> ABOUT THIS TASK
Transcribe the listing word for word, beginning at its first line and ending at the line containing "I'm doing a"; omit the pictures.

> DATA BLOCK
###
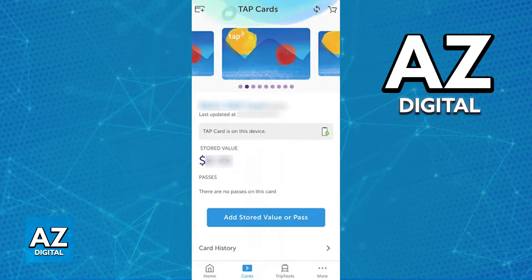To manage your tap card on your phone, look for the tap app on the Play Store or the App Store. If you are on Android, look for the Tap LA app on the Play Store, and if you are on iOS, look for the Tap LA app on the App Store. Once you download Tap LA, you will be able to sign in and manage all of your cards. You can switch over to the cards tab and tap on the option at the top left corner of the screen to add different cards to the app.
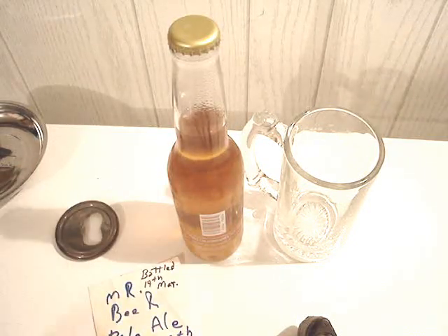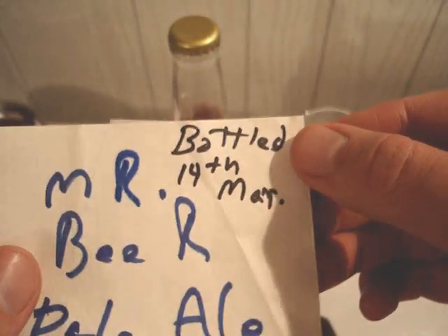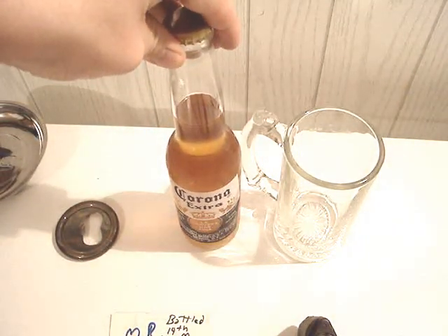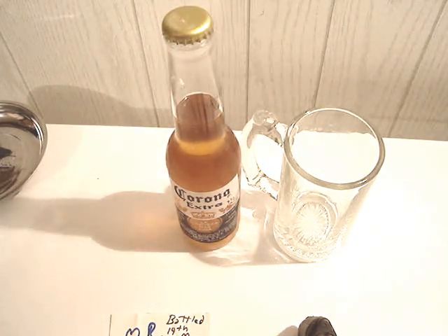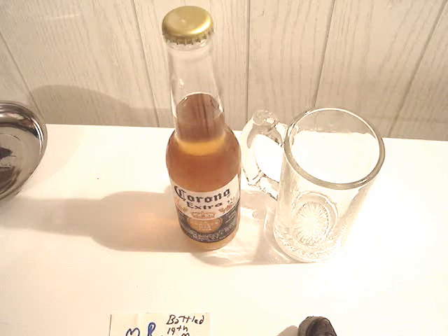I'm doing a video on my last bottle of homebrew. This is my Mr. Beer pale ale — I think it was a West Coast pale ale or something. I started the brew on March 5th and bottled it on March 14th, so it's a couple months old now. This is the last bottle out of the 24 I originally had. I'd really like to thank a good friend who sent me this kit — I'll put her channel down below. She hasn't done a video in quite a long time, but I really appreciate her sending me this beer kit.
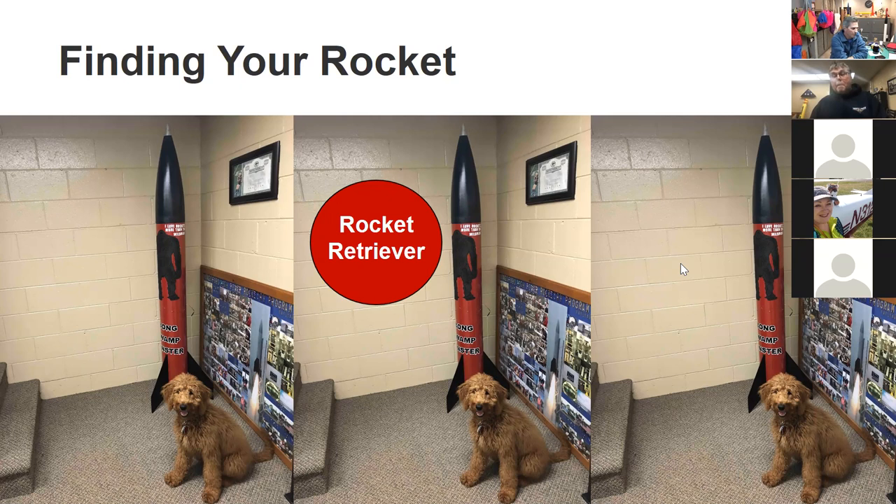Always communicate with your team members who are observing where the rocket landed. And that's my rocket retriever, Emma — I started showing her rocket videos at two months old to get her used to the sounds, and she would jump off the chair and try to retrieve the rockets!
###
> ANSWER TO THIS TASK
To manage your tap card on your phone, look for the tap app on the Play Store or the App Store. If you are on Android, look for the Tap LA app on the Play Store, and if you are on iOS, look for the Tap LA app on the App Store. Once you download Tap LA, you will be able to sign in and manage all of your cards. You can switch over to the cards tab and tap on the option at the top left corner of the screen to add different cards to the app.
I'm doing a video on my last bottle of homebrew. This is my Mr. Beer pale ale — I think it was a West Coast pale ale or something. I started the brew on March 5th and bottled it on March 14th, so it's a couple months old now. This is the last bottle out of the 24 I originally had. I'd really like to thank a good friend who sent me this kit — I'll put her channel down below. She hasn't done a video in quite a long time, but I really appreciate her sending me this beer kit.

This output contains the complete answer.